But hackers do, and this is a clear and present danger to shipping, where GPS signals are used directly for position determination and also fed to other critical equipment. Additionally, many observers fear that navigating officers are now less competent to go back to older traditional methods of navigation in any such eventuality.
In 2008, Alan Grant of the General Lighthouse Authorities carried out an experiment to assess the degree to which ships would be affected by a jamming signal (see diagram).

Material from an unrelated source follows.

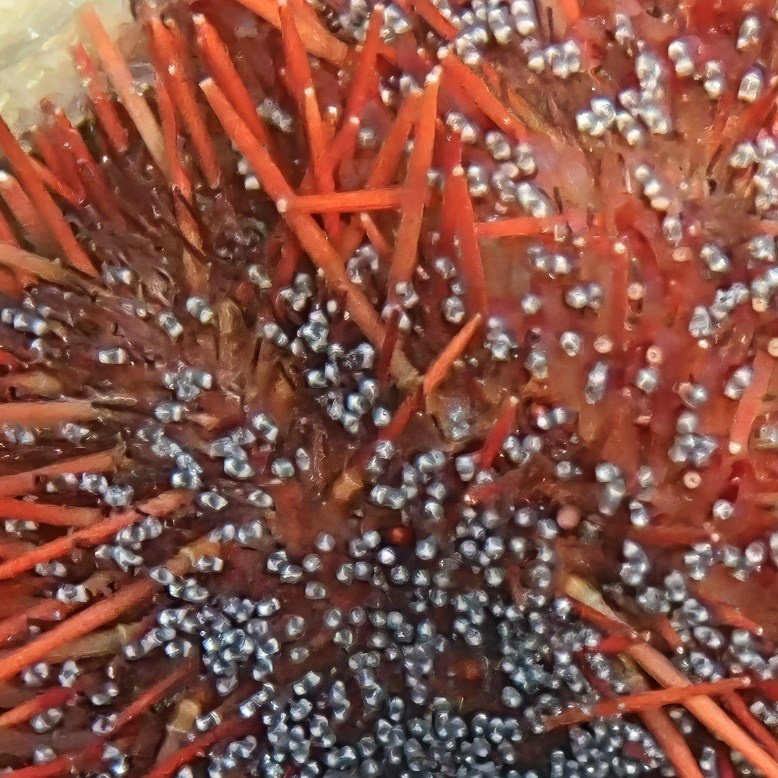 Мне посмотреть. Рыбов показываю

Using a low power jamming signal off the eastern English coast, he could have their receivers show positions almost anywhere in Europe. Much depended on the strength of the jamming signal and the ship’s equipment, but seafarers will agree with Grant when he says that a jamming signal causing smaller errors would be infinitely more dangerous at sea, as navigators would not be able to easily identify the error.
New Year Day failure of a single satellite in 2004 created huge confusion in GPS readings. Professor Last says that "Satellite failures, though dramatic, are not the main problem. The Achilles heel of GPS is the extremely weak signals that reach the receiver."
The weak signals can be swamped by other stronger signals on earth; the armed forces have been doing this for a long time in an attempt to disrupt enemy missile and other capabilities. However, cheap and low power jamming devices are easily available on the internet today; one can get hand held versions that run on batteries and interfere with satellite signals miles away. More powerful ones can do much more.
"You can now buy a low-cost (100 GBP) simulator and link it to Google Earth, put on a route and it will simulate that route to the timing that you specify," said Professor Last. "A GPS receiver overcome by it will behave as if you're travelling along that route." This simulator, although more expensive, can easily be used by criminals or terrorists.
It is not just marine systems that are under threat, of course. High value cargo and armoured cars are being regularly monitored using GPS systems, and missiles are increasingly using these to lock into targets. Even in cases of clear civilian use, the potential for mischief is huge. GPS systems are widely used across the world in areas as diverse as rental car tracking, toll usage charges, logistics handling, distribution, just in time logistics, emergency services, farming and road building, just to name a few.
And, critically, GPS also keeps our telephone networks, internet systems, banking and trading systems- and our power systems up and running.
"Navigation is no longer about how to measure where you are accurately - that's easy," says Professor Last. "It’s all about how to do so reliably, safely and robustly."